Dünya ligindeki değişmeyen sonuç bu. Doğa her maçta galip geliyor, insan doğaya karşı koyduğu,meydan okuduğu her maçı kaybediyor.
Türk filmlerinin unutulmaz sahnesidir. Sırtında yatağı, elinde bohçası Haydarpaşa Tren garından inen insanlar İstanbul’a kafa tutar,“Seni yeneceğim İstanbul” diye haykırır. Güleriz.
Peki, yüz yılların dere yatağına koca yerleşim alanını kurup sekiz-on katlı binaları yapıp yaşam alanına çevirmek,‘Seni yeneceğim doğa”diye meydan okumak olmuyor mu? Bir fark var mı arada?
Evet, var aslında filmde İstanbul’a meydan okuyunca gülüyoruz ama hayatta doğaya meydan okuyunca ağlıyoruz. Çünkü insanoğlu doğaya meydan okuduğu hiçbir maçı kazanamadı.
Doğa çok büyük ve güçlü.
Ya da insanoğlu çokküçük ve zayıf.
Geçen hafta ise tam felaketi yaşadık. Bozkurt başta olmak üzere, Azdavay, Pınarbaşı, Şenpazar, Abana, komşuda Ayancık ve Bartın sele tutuldu.

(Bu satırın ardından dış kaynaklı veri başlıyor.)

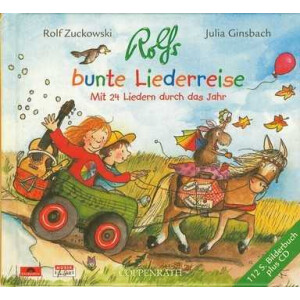 Rolfs bunte Liederreise (+CD)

Sadece on günde ülkenin güneyi yandı, kuzeyini sel aldı. Yangın ve sel iki farklı afet sanılır, ama öyle değil işte. Aynı ananın ikiz evlatlarıdır bu iki felaket. Anaları, tahrip edilmiş doğadır. Babaları ise insanoğlu. İnsanoğlu olarak bizim evlatlarımız yani bizim ürünümüzdür.
Sel felaketinden etkilenen ilçelerimizin ortak özellikleri dere yataklarında kurulu yerleşim alanları olmaları. Yeni şehirleri aynı dere yataklarına kurup önümüzdeki maçlara bakacağız, durum onu gösteriyor. 50 – 60 yıl sonrada başka birisi bu yazının aynısını o zamanki basın kanallarında yazarsa hiç şaşmam.
Türk milleti olarak felaket öncesi ve sonrası iki farkı psikolojiye sahibiz. Felaket öncesi tuzumuz kuru maşallah. Dünya başımıza yıkılıncaya kadar kimse bizi harekete geçiremez. Bekleriz başımıza gelecek belayı. Aynı felaket aynı bölgeye her yıl gelir, ama biz istifimizi bozmayız. Bir gelsin bakalım biz buradayız kaçmıyoruz tedbir de almaya gerek yok. Ama felaket olduğu zamanda kim tutar bu milleti, bilemem.
Sel felaketinden sonra üç günüm Bozkurt ve Abana’da geçti. Anında devletin bu felaketler ile mücadele amacı ile kurulmuş tüm kurumları yanında ülkenin tüm illerinden belediyesi, özel idaresi, şirketleri,sivil toplum kuruluşları hızır gibi yetişti. Şu an Bozkurt ve Abana’daki araçlarda tüm illerin plakalarını görmeniz mümkün. Yağdı Türkiye Kastamonu’ya
Jandarma ve AFAD aşağıda adım atacak yer yok diye yol kesmek zorunda kaldı.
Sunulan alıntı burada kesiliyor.